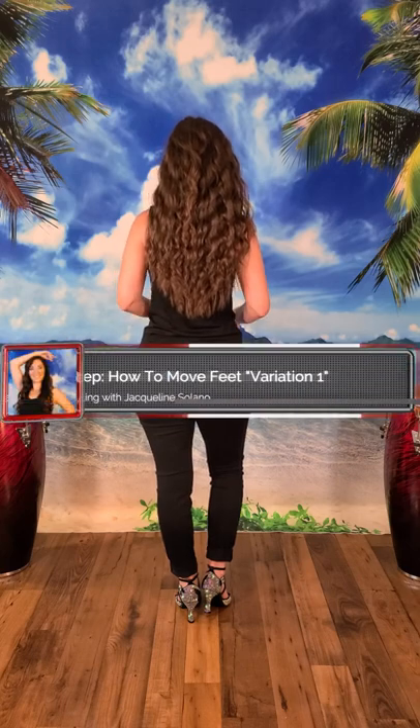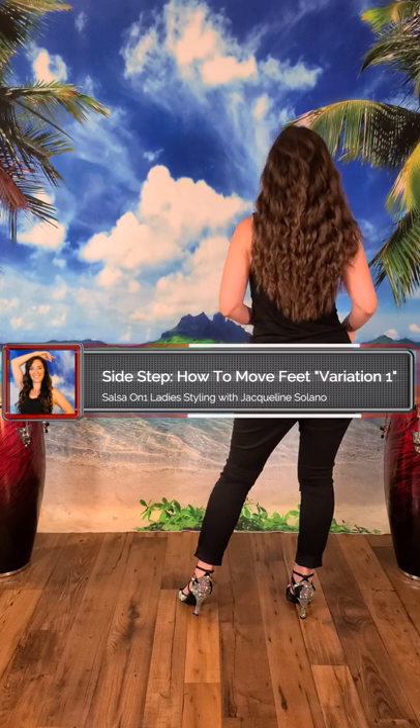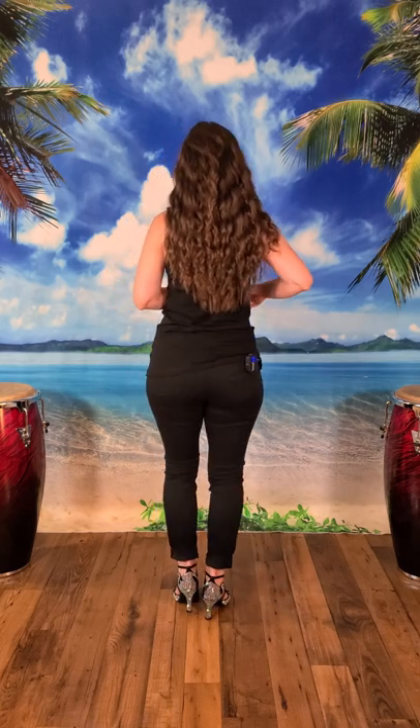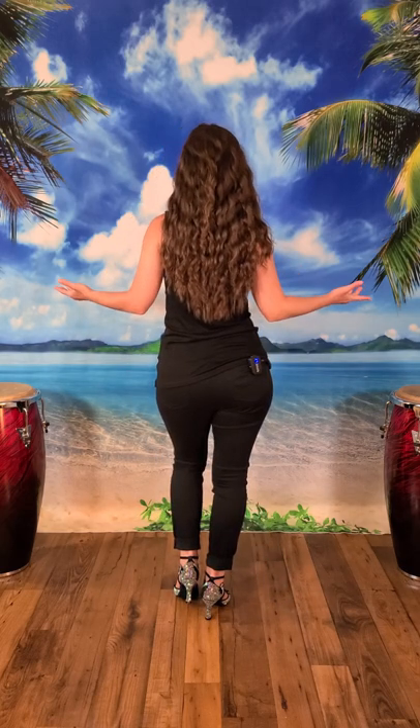On count one you're going to take your right foot and you're going to step out to the right with your full weight. On count two you're going to step in place with your full weight. On count three you're going to bring it back in center and switch your weight back to the right. Count four you're going to hold.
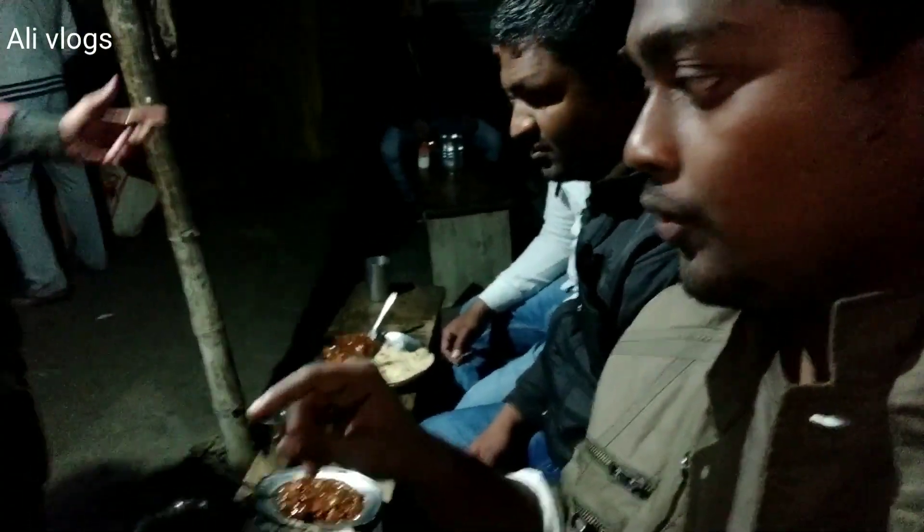We will see what we get here. I have given the order of chicken and chili. So now we will wait. Finally, we will see what we get here — I'm not entirely sure how long it will take, but we'll find out.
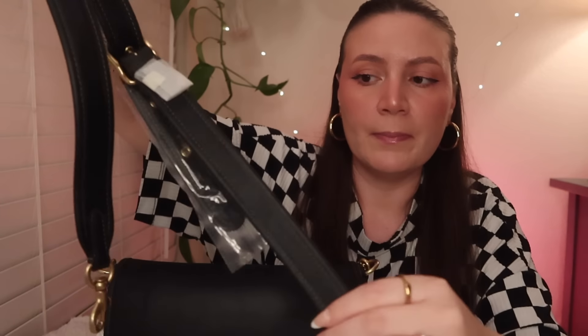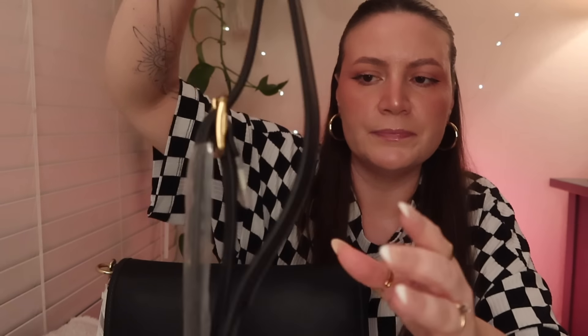It does come with a longer strap — it's got some wrapping on it still. This is so you can make it crossbody, which kind of makes it more like a daytime bag, which I absolutely will probably be doing. I just love that versatility aspect. And it's adjustable as well. I'm going to set this to the side because for now I'm going to be using the short strap.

★ ★ ★ ★

Each line above gets copied exactly; leave the pictures out.

On count one you're going to take your right foot and you're going to step out to the right with your full weight. On count two you're going to step in place with your full weight. On count three you're going to bring it back in center and switch your weight back to the right. Count four you're going to hold.
We will see what we get here. I have given the order of chicken and chili. So now we will wait. Finally, we will see what we get here — I'm not entirely sure how long it will take, but we'll find out.
It does come with a longer strap — it's got some wrapping on it still. This is so you can make it crossbody, which kind of makes it more like a daytime bag, which I absolutely will probably be doing. I just love that versatility aspect. And it's adjustable as well. I'm going to set this to the side because for now I'm going to be using the short strap.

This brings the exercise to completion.